When I first heard that Fifty Shades of Grey started as fanfiction, my first thought was, “wow, it must really be good.” I couldn’t have been more wrong. I do not understand how this book was ever published or why so many people love it. What’s more disturbing is the number of women who love Christian Grey. Seriously?! There is nothing attractive about a man who doesn’t understand BOUNDARIES. Take it from a girl who’s been stalked by her boyfriend. That shit is creepy. Even as I type this, I fear that he’s cyber stalking my blog under some alias email address, and the minute he reads this post, he’ll freak and show up at my house, demanding I tell him if I ever really loved him because he always loved and worshiped me and did everything to make me happy under his delusional, manipulative definition of a happy, loving relationship. Newsflash ladies, this is the real Christian Grey—a needy, whiny, controlling, manipulative figment of a man. Just take away the money and the supernatural good looks and you have my creeper ex-boyfriend.
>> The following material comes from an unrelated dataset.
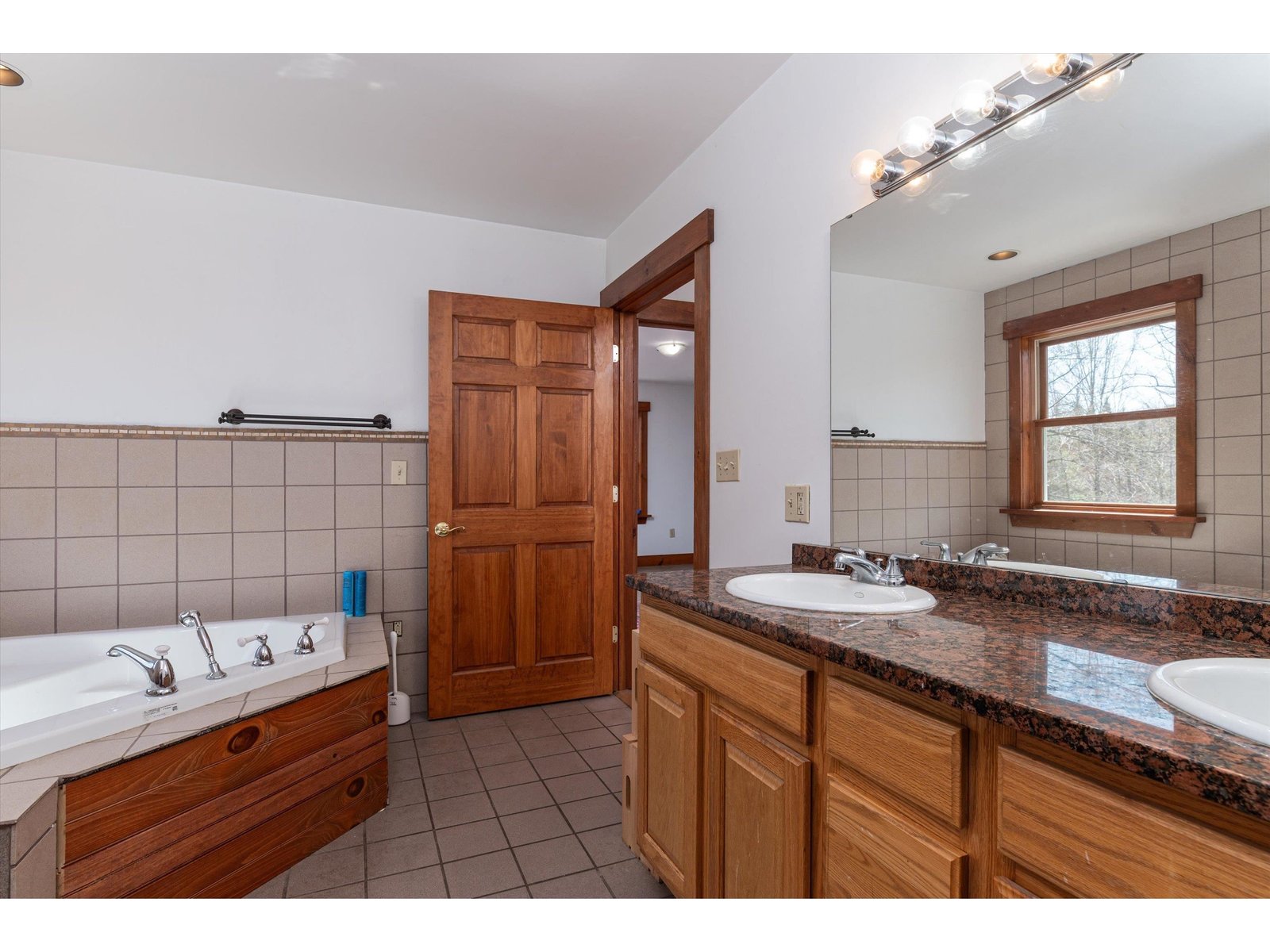 2nd Floor Primary Bathroom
All that aside, the book just isn’t good. PERIOD. There is absolutely no plot whatsoever. We just wander around aimlessly in Ana’s stupid, schizophrenic mind (Instead of telling Christian to see Dr. Flynn about his stalker tendencies, she needs to see the doctor about the two little women living inside her head) until we get to the mind-blowing sex, which is really quite boring, and suddenly, after 500+ pages of nothing, we find ourselves at the end when Christian finally punishes her FORREAL and she runs crying, only to come back four days later because that’s apparently where the second book starts. WHAT?!

Fifty Shades of Grey

The book couldn’t be more repetitive. Ana says Jeez so much, the word actually slipped out of my mouth one day at work. I wanted to shoot myself! The sex is also repetitive, and did I mention boring? I mean, after you orgasm “gloriously” so many times, what else can you do? And it’s so UNREALISTIC too! What 21-year-old virgin, who’s never even masturbated, orgasms after only getting her nipples sucked?! Are you kidding me?! He hasn’t even touched her “down there” yet! Give me a break! I was over Fifty Shades halfway through the first chapter, but after reading that first sex scene, I wanted to throw my kindle across the room. I don’t care how “experienced” Christian Grey is, no man can make a woman come that easily and that many times during sex.
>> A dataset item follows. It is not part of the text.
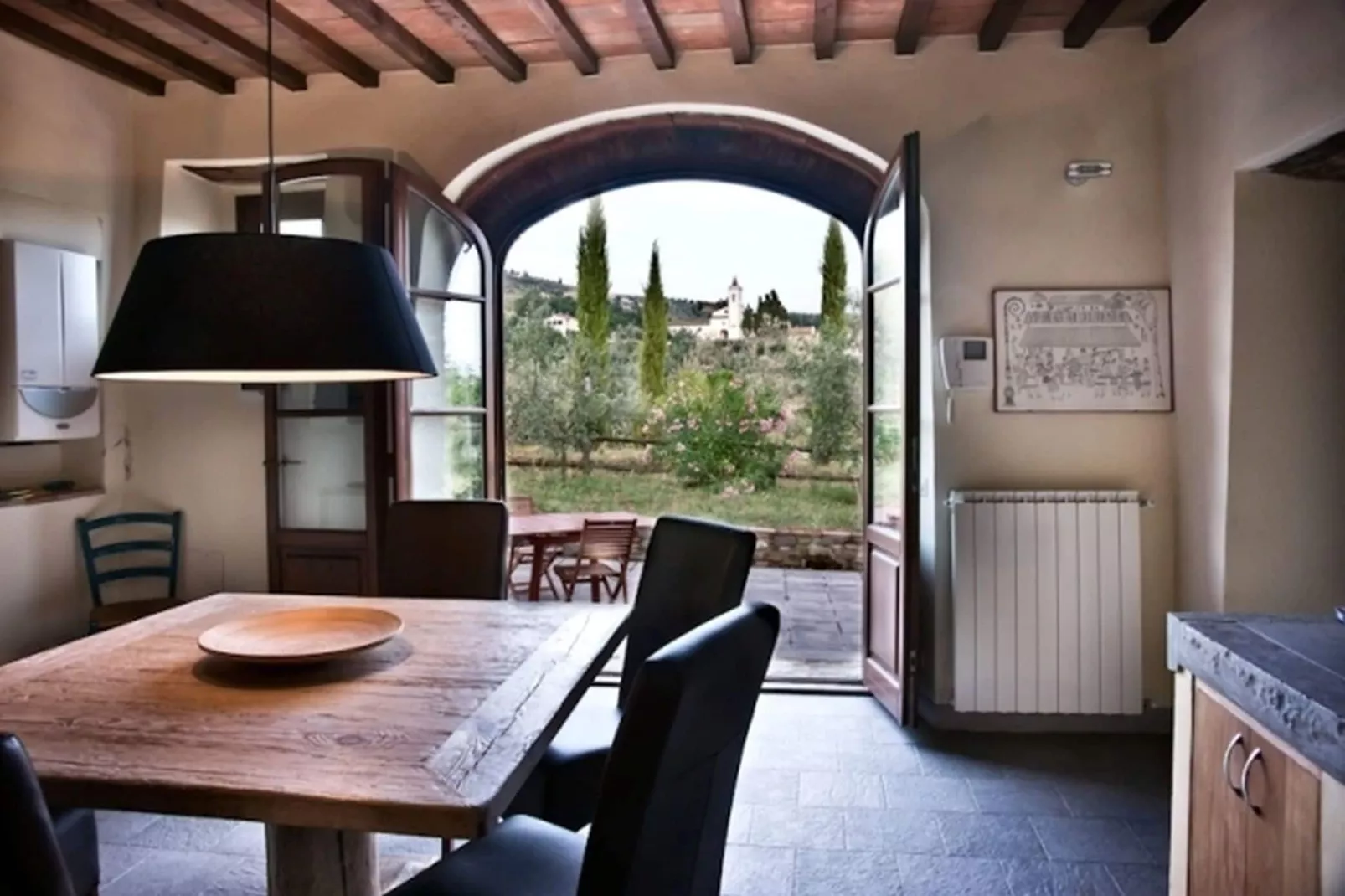 Leonardo-Dining room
At the end of the day, this book has too much fantasy for it to be believable. And that’s the scary part—people are calling it fantasy. Whose fantasy is it? A middle-aged housewife’s or a teenage girl’s? Quite frankly, the book reads like it was written by a teenage girl. Anastasia Steele is so stupid and naive . . . and STUPID. You can’t be a 21-year-old college student, with a seemingly promiscuous roommate, and be that much of a ditz. Yet every man in the world wants her! WHY?!

FIFTY SHADES OF GREY

If Christian Grey wasn’t some fantastical character pulled from a teenage girl’s (or middle-aged woman’s) wet dreams, he would be that sociopath we see on the news, who shoots his ex-girlfriend, ex-wife, ex-fiancé, etc. all because she left his possessive, controlling, “you can’t leave me, I do everything for you,” needy ass. Look ladies, you say you want a man who wines and dines you, treats you like a queen, takes you hang gliding, buys you expensive first editions of your favorite novel days after meeting you, worships the ground you walk on, wants to be with you every minute of every day, makes unannounced visits to your house to “surprise” and “please” you, constantly keeps tabs on you so that he knows where you are, who you’re with, and what you’re doing in case he has to sweep in to “save” you, and blah blah blah. You think that’s fantasy until you get it and realize how much of a nightmare it really is. Take it from a girl who’s lived the less rich, less handsome version of the demigod that is Christian Grey. He is not the type of guy you want to dream of dating. And his promises to change are just another ploy to keep you trapped. Run. Run fast, and run far away.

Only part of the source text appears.